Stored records
_ _ _ _

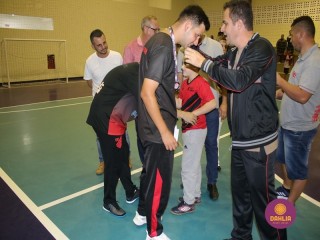 
<a style='margin-left: 5px;' class='btn btn-xs btn-social btn-facebook' href='https://www.facebook.com/sharer/sharer.php?u=https://www.boladovale.com.br/imgs/800-800-90/conteudo/fotos/1586/img6371.jpg' rel='popup' data-width='500' data-height='400'><i class='fa fa-facebook'></i>Compartilhar <span class='hidden-xs'>no Facebook</span>
</a> 
<a class='btn btn-default btn-xs' target='_blank' href='imgs/800-800-90/conteudo/fotos/1586/img6371.jpg'>
<span class='glyphicon glyphicon-cloud-download'></span> Salvar
</a> 
<span></span>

_ _ _ _

● Directions:
An exact transcription of the records above is needed, with no pictures included.

● Result of the exercise:
<a style='margin-left: 5px;' class='btn btn-xs btn-social btn-facebook' href='https://www.facebook.com/sharer/sharer.php?u=https://www.boladovale.com.br/imgs/800-800-90/conteudo/fotos/1586/img6371.jpg' rel='popup' data-width='500' data-height='400'><i class='fa fa-facebook'></i>Compartilhar <span class='hidden-xs'>no Facebook</span>
</a> 
<a class='btn btn-default btn-xs' target='_blank' href='imgs/800-800-90/conteudo/fotos/1586/img6371.jpg'>
<span class='glyphicon glyphicon-cloud-download'></span> Salvar
</a> 
<span></span>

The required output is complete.